As Wheeler's "web of lies" begin to untangle here in Middlesex District Court, which will no doubt result in him doing some jail time, as parents, we all must ask ourselves what went wrong.

What messages -- both verbally and subliminally -- are we telling our children about personal excellence?

Clearly we can say Wheeler tried to cheat his way through Harvard, but have we, as a culture and parents, not cheated children like Wheeler by over emphasizing the need for them to be number one?

Failure, a much-tabooed subject on college campuses, is not talked about much, especially in such a place as Harvard. But in competitive milieus, the fear of failure is the specter that haunts most students.

When only the grade of A is some students' only measure of success, some will cheat by any means necessary.

Many students will fail somewhere along their academic journey, but it will have nothing to do with the grade they received. It is instead about the culture in which they reside.

We live in a society that is hypercritical of failure and super exuberant about success. As a culture, we have developed a false and damaging dichotomy about the relationship between failure and success: that success has become a public affair of celebration and failure a private funeral of condemnation.

We think of failure as a hindrance to human achievement and to professional and academic excellence.

For example, in watching the 1996 Olympics, which were held in Atlanta, Georgia, I was appalled by one of its slogans that represented not only the spirit of the Olympic Games but also the ethos in our sports culture.

On billboards throughout Atlanta, in television commercials and in many sports magazines like Sports Illustrated the message was loud and clear about what constituted athletic excellence.

It said: "When you come in second place, you don't win the silver, you lose the gold."

Clearly what this slogan is saying is if you are not number one, you are a failure.
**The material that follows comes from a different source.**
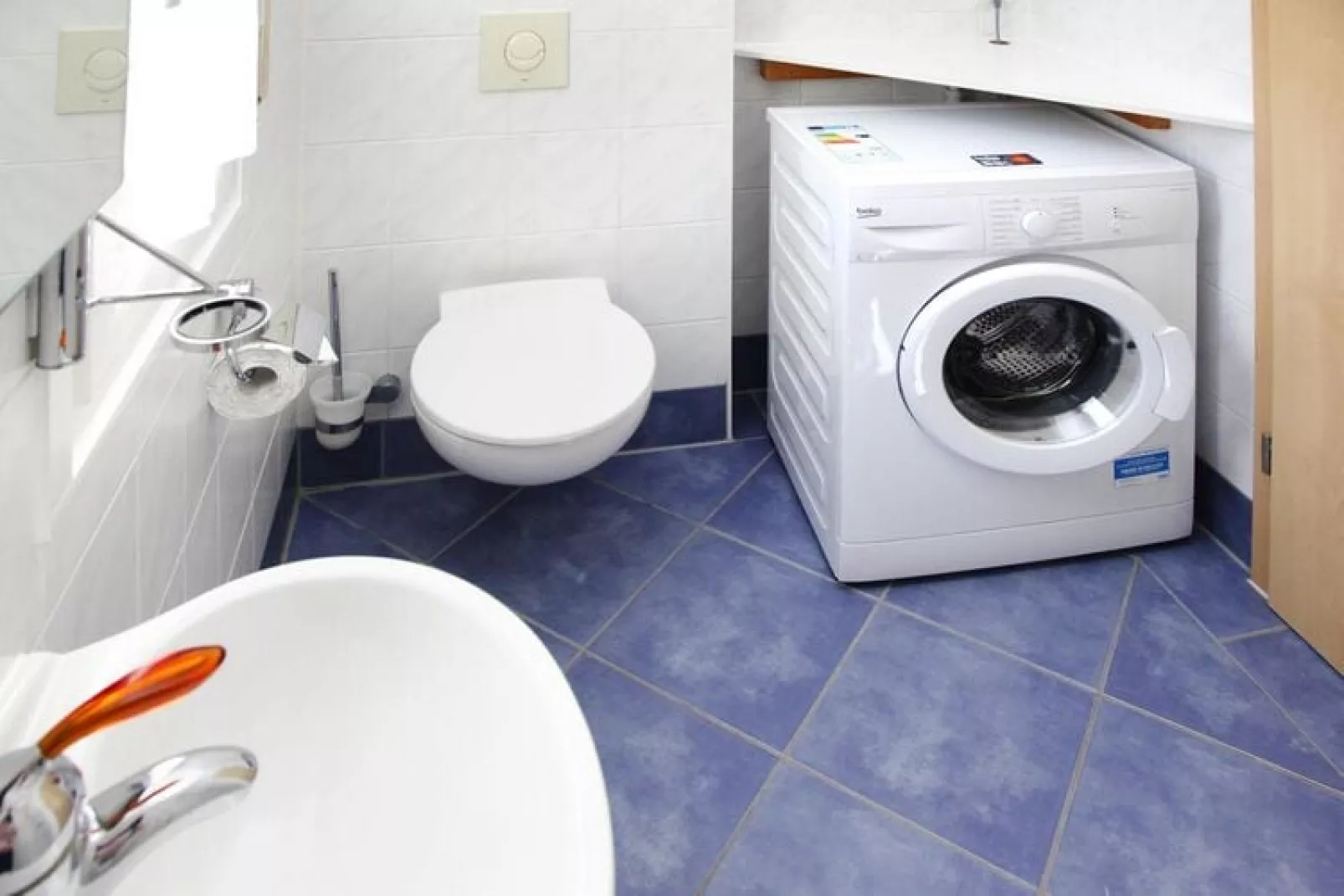 Adler 145 qm-Bathroom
Success is only attainable if you make it to the top, and only one person can be there.

Such a message, however, ignores the success in training and disciplining one's mind and body to compete. It ignores the success of competing at a world-class level. And it undermines the importance of camaraderie, the celebration of people worldwide joined by a common goal and interest, and most importantly, it undermines the human spirit.

This example, of course, is not one particular to sports. Instead it's representative of a paradigm that's pervasive and emblematic in every arena of American life. Success is understood, predicated, and maintained in highly competitive system that is organized around and values money and power above personal integrity.

Not to compete in this system constitutes failure on your part. Not to win in this system constitutes failure on your part. And not to honor this system also constitutes failure on your part.

In an academic culture where the objective is to be number one, by any means necessary, the purpose of obtaining education is lost. And oftentimes the purpose also is trumped by the desire to get credentials.

Research studies by the Rutgers University Management Education Center and the University of Santa Clara Center for Academic Integrity reported that 70 to 90 percent of college students cheat. But the most disturbing information gleaned from these studies is that many students embrace cheating as an acceptable practice because "everybody does it."

Just how far are we willing to go to be successful?

Some argue that Wheeler played the "game of success" successfully; he fraudulently claimed to be fluent in four languages, received a perfect SAT score of 1600, received perfect grades throughout his first year at Massachusetts Institute of Technology, and coauthored several books.

Others argue that Wheeler undermined the integrity of competition.

In a culture that demands us to be number one in all aspects of our lives, I think Wheeler's criminal behavior is an indictment about our culture.